What are we to make of the evocation of seeing “Say his name” scrawled on a wall in blood? Saying Candyman’s name brings about destruction, while the directive to cite the individual names of Black people murdered by police is, contemporarily, meant as a rallying cry of grief and defiance. The film recognizes Candyman as a totem of the fallen, placing him in a lineage of tragedy and injustice. Perhaps, then, the idea of the film is that those dead can be marshaled into a force of necessary reprisal, a Golem forged by the abuses of white society and now put in service of a new mission. The cycle of violence is not broken, it is only spun in another direction.

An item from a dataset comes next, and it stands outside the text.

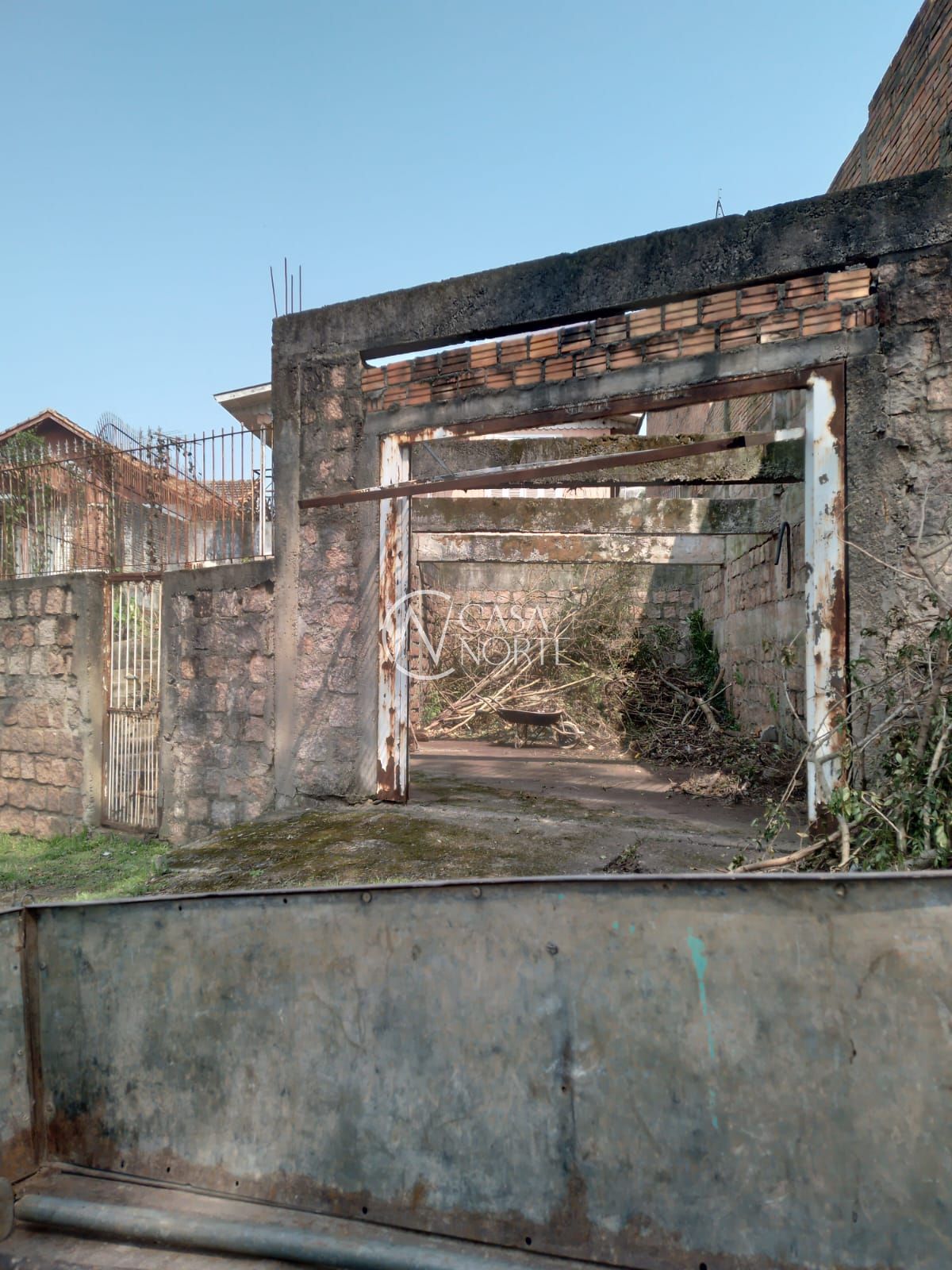 Terreno à venda  com 407m², Rua Rudi Schaly no bairro Parque Santa Fé em Porto Alegre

That’s a provocative concept, but not one that the film delivers on thoroughly enough. For all its didacticism, particularly about literal art versus the more abstractly representational kind, Candyman’s script doesn’t arrive at anything either persuasively concrete or compellingly allusive. It wants its metaphor and its reality at once, dueling approaches that give the film a sag at its center. This has a detrimental effect on the tension of the film; DaCosta doesn’t build to many big scares, either demurring at the violence or jumping into it at an awkward editing gait. The film is so busy working through what it’s trying to say that it loses its specific pacing and texture, tumbling toward a finale that subverts its own rules and confuses its argument. 

It is no doubt difficult to adapt an old legacy for the here and now, to reshape its sociopolitical and psychosexual storms into the vernacular of a very alert and discursive present day. Candyman makes an admirably full-throated effort to manage that tricky task, honoring the troubled but cherished original thing (it’s great to see Vanessa Williams briefly reprising her 1992 role, to that end) while trying to add new dimension—or, rather, to more fully tease out the context that was always there. With a tighter, more incisive script, DaCosta probably could have triumphed. But her bracing images are interrupted by writing that is all too eager to explain what we’re seeing—as if it’s not already evident, staring right back at the audience, whispering volumes.